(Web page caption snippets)
---------------

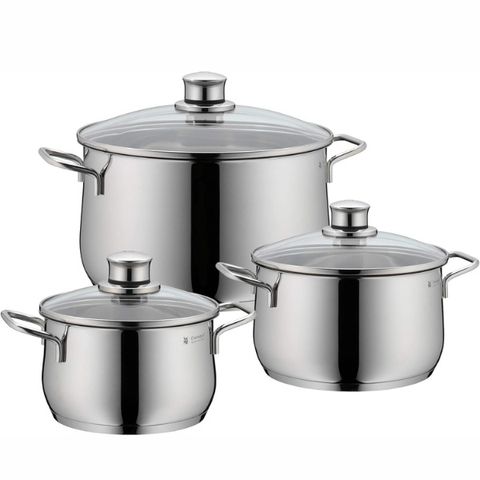Bộ 3 nồi WMF Diadem Plus size 16cm/20cm/24cm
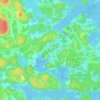Topografisk karta Gryt, höjd, relief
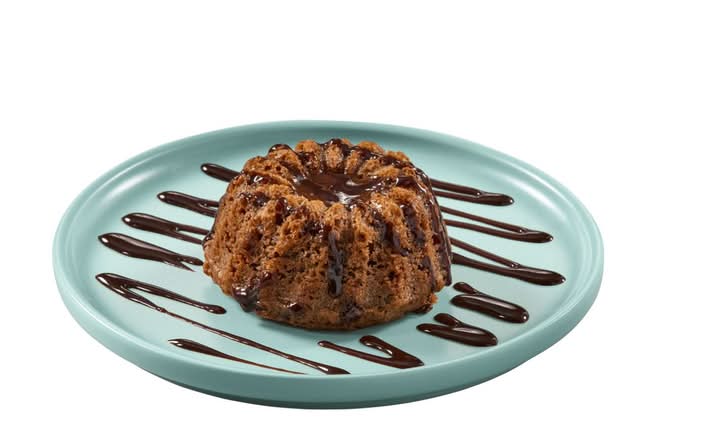 Cocoa Banana Lava Cake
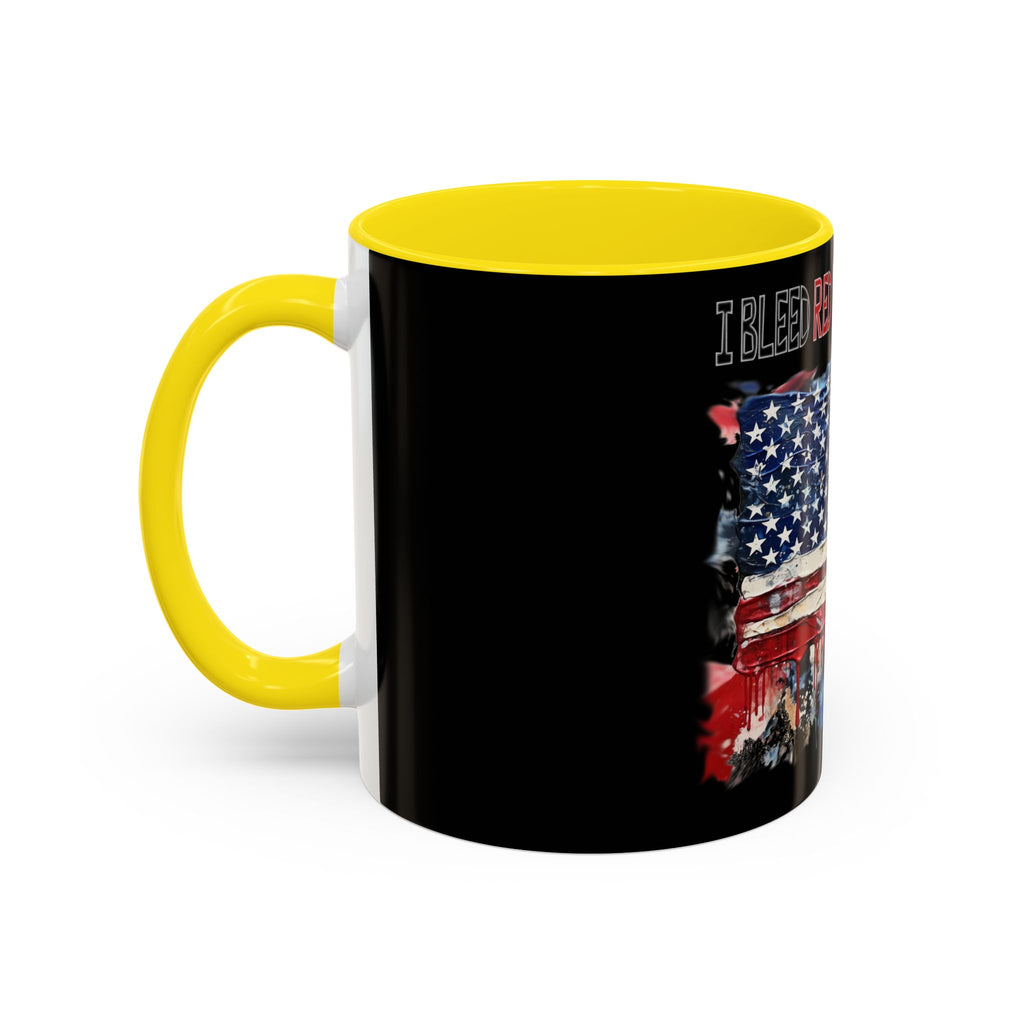 I Bleed Red White and Blue / Accent Coffee Mug 11/15 oz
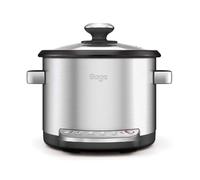 Sage Risotto Plus - Olla Arrocera para Risotto, Acero Inoxidable | Cocción Lenta, al Vapor & Sellado, Bol Cerámico sin PFOA, Función Keep Warm, Accesorios para Cocinar
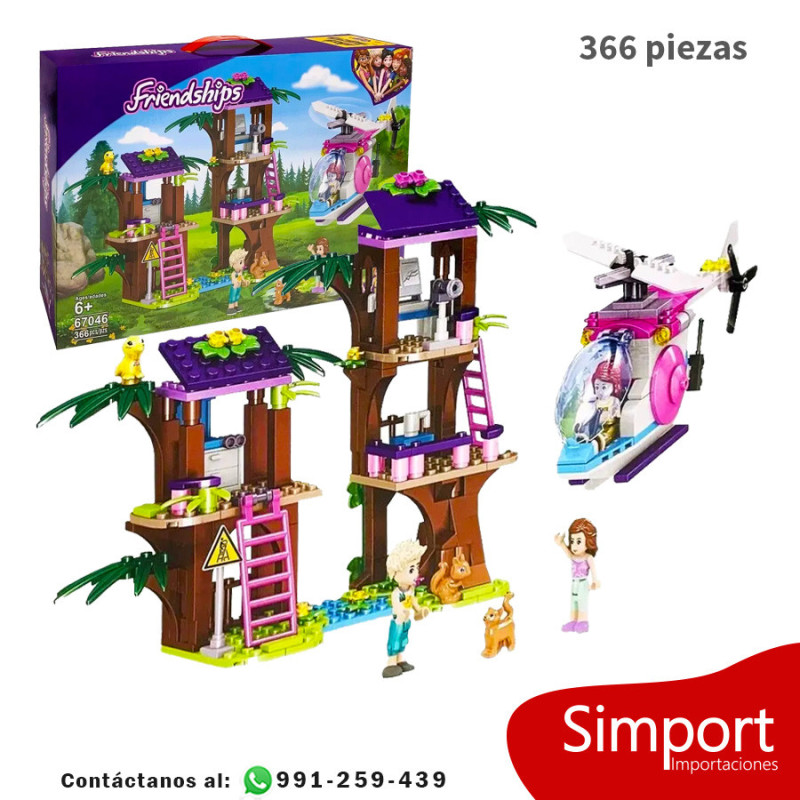 Casa de la Selva de los Amigos - 366 Piezas -  Friends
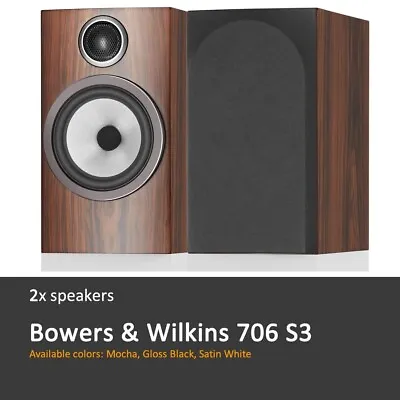 Kaufen Bowers & Wilkins 706 S3 2-Way Bookshelf Speakers - NEW !!! • 1,800€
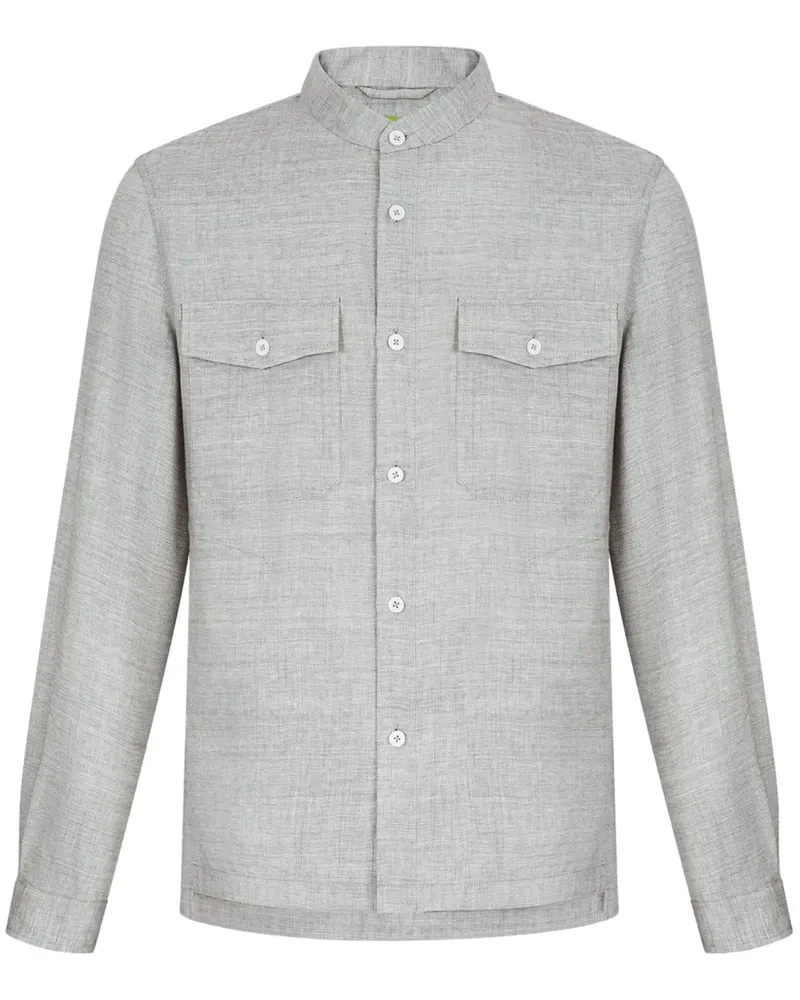 Shanghai Tang Tang Hemd - Grau Grau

---------------

To do:
Take the line containing "Sage Risotto Plus" as the first and the last line of the records as the end. Print every line in that span exactly, leaving out pictures.

Finished exercise:
 Sage Risotto Plus - Olla Arrocera para Risotto, Acero Inoxidable | Cocción Lenta, al Vapor & Sellado, Bol Cerámico sin PFOA, Función Keep Warm, Accesorios para Cocinar
 Casa de la Selva de los Amigos - 366 Piezas -  Friends
 Kaufen Bowers & Wilkins 706 S3 2-Way Bookshelf Speakers - NEW !!! • 1,800€
 Shanghai Tang Tang Hemd - Grau Grau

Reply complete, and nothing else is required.